Sabtu, 06 Februari 2016

Harga Sebuah Kebutuhan

'Air menjadi barang mahal saat ini'. Begitu sub judul salah satu berita di Republika terbitan Senin, 25 Agustus 2003 lalu. Kekeringan yang melanda berbagai wilayah di tanah air telah menjadikan air sebagai barang yang sangat mahal harganya, yang demi mendapatkannya, warga rela melakukan apa saja, termasuk bertengkar dengan sesama warga gara-gara rebutan air.

Saya jadi ingat dengan pertanyaan yang diajukan dosen Manajemen Proyek saya pada pertemuan lalu. Pertanyaannya sederhana saja dan sering saya temui dalam kehidupan sehari-hari. Kenapa kalau kita menjahitkan baju dan kemudian kita minta baju itu jadi 2x lebih cepat daripada waktu semula yang disanggupi si penjahit, kita juga harus membayar sampai 2x lebih mahal? Kinerja, servis, prioritas dan jawaban-jawaban lain dari mahasiswa tak memuaskan Pak Dosen. "Ya sudah, pertanyaan ini jadi PR kalian untuk minggu depan" kata Pak Dosen menutup kuliahnya hari itu.

Sekarang, sepertinya saya tahu jawabannya. Kebutuhan akan air yang mendesaklah yang menjadikan harga air menjadi mahal. Begitu pula kasus penjahit tadi. Kebutuhan pelanggan akan pakaian yang mendesak (misalnya karena akan dipakai ke pesta) yang membuat ongkos jahit itu lebih mahal dari harga normal.

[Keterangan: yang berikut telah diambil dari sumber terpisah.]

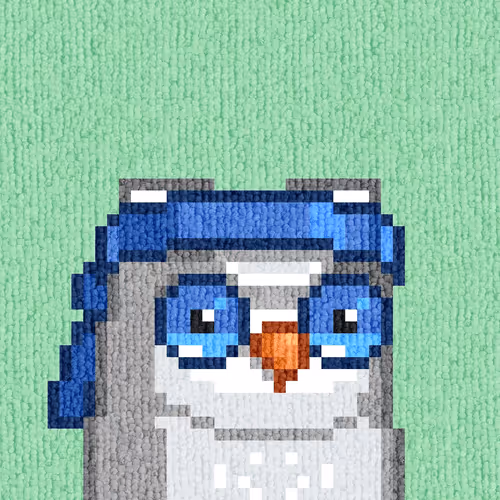 Rug Birds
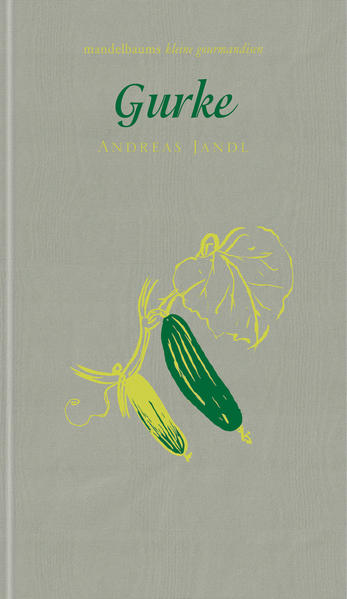Produktbild: Gurke | Andreas Jandl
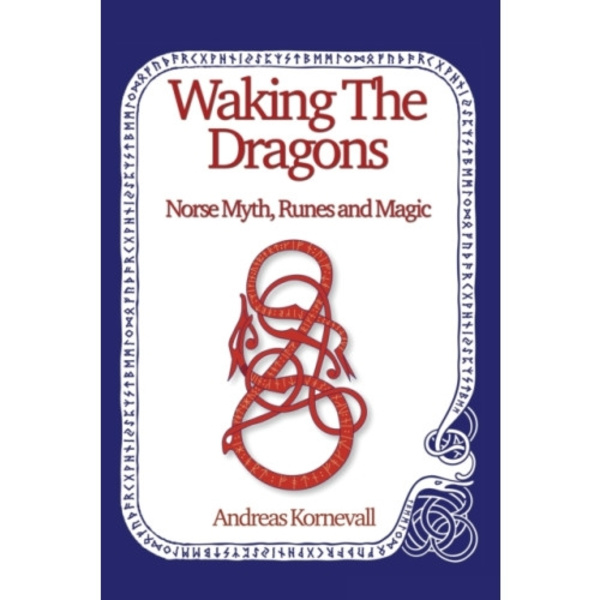 Waking The Dragons (häftad, eng)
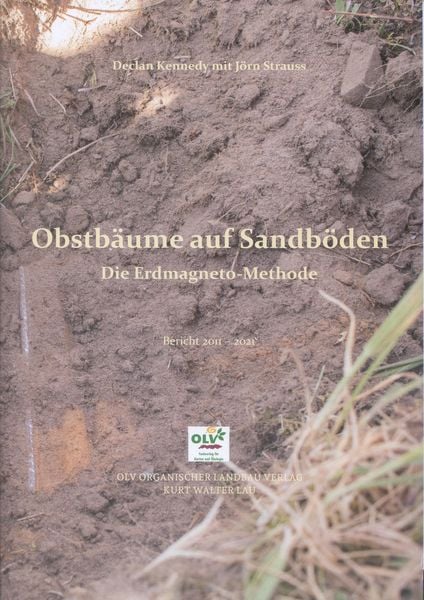 Produktbild: Obstb&auml;ume auf Sandb&ouml;den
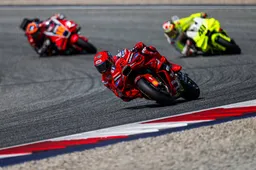Marc Marquez explains triple crash drama ahead of 2026 MotoGP season opener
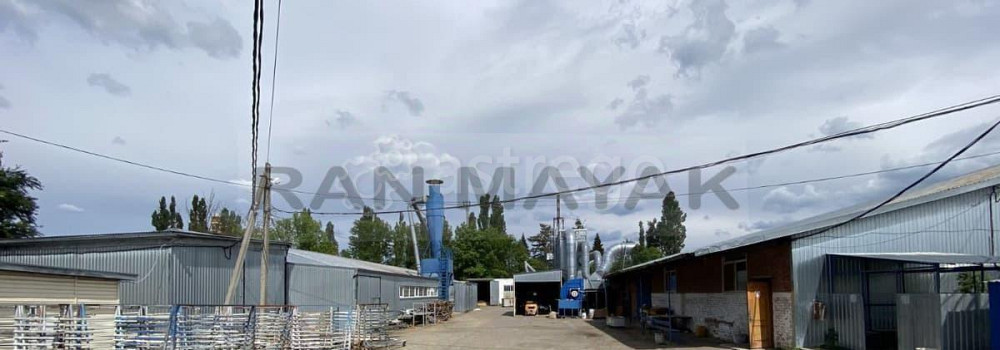 Производственное, 7200 м Тульский - изображение 1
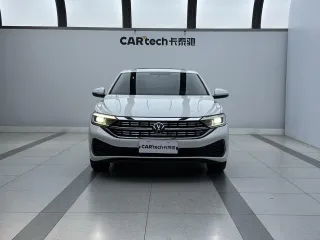 Volkswagen Sagitar 2022 — фото 2 из 18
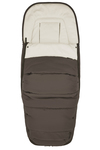 Easywalker Fusak ku kočíku Zoey Chestnut Brown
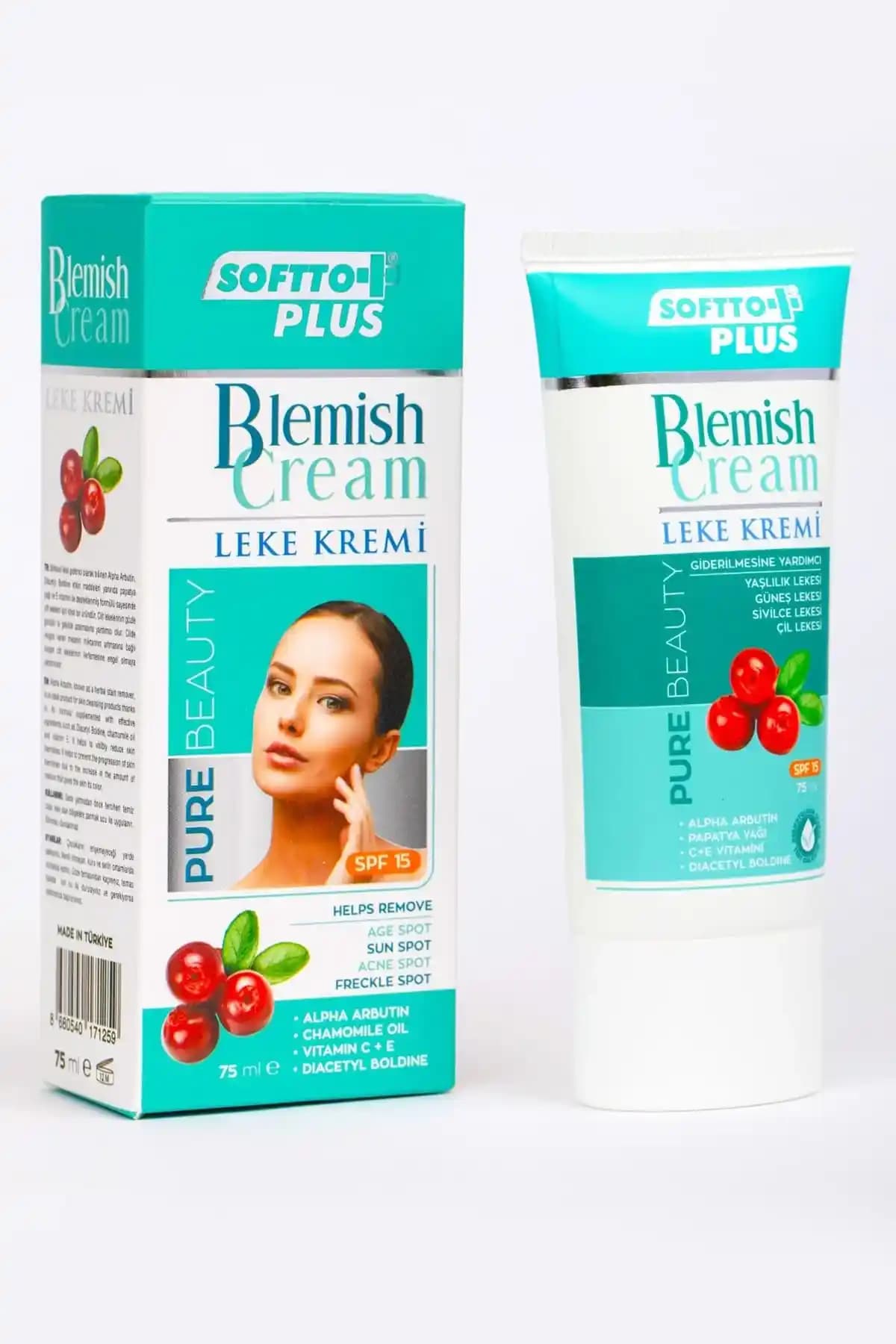 Cilt Kremi Seçimi ve Kullanımıyla Sivilce ve Lekelerle Mücadele Rehberi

Saya pernah baca di Koran Tempo edisi 16 Agustus 2003 lalu. Seorang pria bernama Syamsul Arifin bahkan rela menukar kebebasannya demi sepiring nasi. Syamsul sebenarnya adalah seorang gelandangan pengelap kaca mobil di perempatan sebuah jalan di Jakarta. Agar dipenjara, Syamsul mengaku sebagai sopir Asmar Latin Sani, tersangka pelaku pemboman hotel Marriot dan kemudian setelah dilakukan serangkaian tes psikologi ternyata pengakuan Syamsul ini bohong belaka. Syamsul menganggap bahwa jika ia dipenjara, pemenuhan kebutuhan pokoknya(baca:makan dan minum) akan jauh lebih terjamin ketimbang saat dia menggelandang di jalan. Saking mendesaknya kebutuhan itu, bahkan sepiring nasi dan segelas air pun menjadi jauh lebih mahal daripada harga sebuah kebebasan.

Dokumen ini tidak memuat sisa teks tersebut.